時効完成前に所有者に相続が発生した場合

不動産などの時効取得には①占有開始、②時効完成、③時効援用という3つの時点が存在します。

この3つの時点を考慮すると時効と相続の関係については以下のようなパターンが考えられます。所有者とは登記上の所有者などを指し、占有者とは実際にその不動産を占有している者を指します。

パターン1 占有開始前に 所有者に相続発生
パターン2 占有者に相続発生
パターン3 時効完成前に 所有者に相続発生
パターン4 占有者に相続発生
パターン5 時効援用前に 所有者に相続発生
パターン6 占有者に相続発生
パターン7 時効援用後に 所有者に相続発生
パターン8 占有者に相続発生

この中で、パターン3の時効完成前に所有者に相続が発生した場合について説明します。

この場合、相続人が所有者の不動産を相続することになりますが、占有者が行っている占有の期間が所有者の相続でリセットされることはなく、占有者としては依然として被相続人の時代からの占有期間を通算できます。

時効完成前に所有者に相続が発生した場合の登記手続き

この場合、相続登記を完了しているかどうかで登記手続きが若干異なってきます。

【所有者の相続人が相続登記をしていない間に占有者の時効援用があった場合】

相続人を登記義務者として、直接被相続人から占有者への所有権移転登記

この場合、時効取得の効果は占有開始時に遡及するので、被相続人から相続人への相続登記は必要ありません。

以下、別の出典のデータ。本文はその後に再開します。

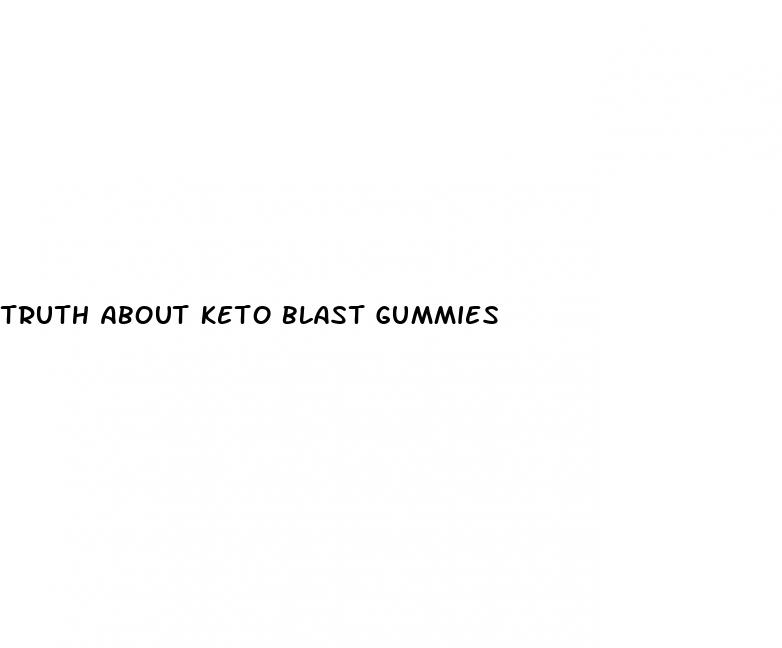 truth about keto blast gummies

もし相続人が複数人いた場合は、すべての相続人が登記義務者となる必要があります。一部の相続人だけが登記義務者となって占有者と共同で登記申請することはできません。

【所有者の相続人が相続登記を申請した後に占有者の時効援用があった場合】

相続人を登記義務者として、相続人から占有者への所有権移転登記

時効取得の効果は占有開始時に遡及するので、本来であれば相続登記を抹消して時効取得の登記を申請すべきところですが、相続登記後に時効取得の登記を申請することが可能です。この場合、相続登記の原因日よりも時効取得の原因日が前になりますが問題ありません。

すでに相続登記が完了している場合であっても、相続人が複数人いた場合は、すべての相続人が登記義務者となる必要があります。一部の相続人への相続登記の分だけを移転させることはできないのは相続登記未了のケースと変わりありません。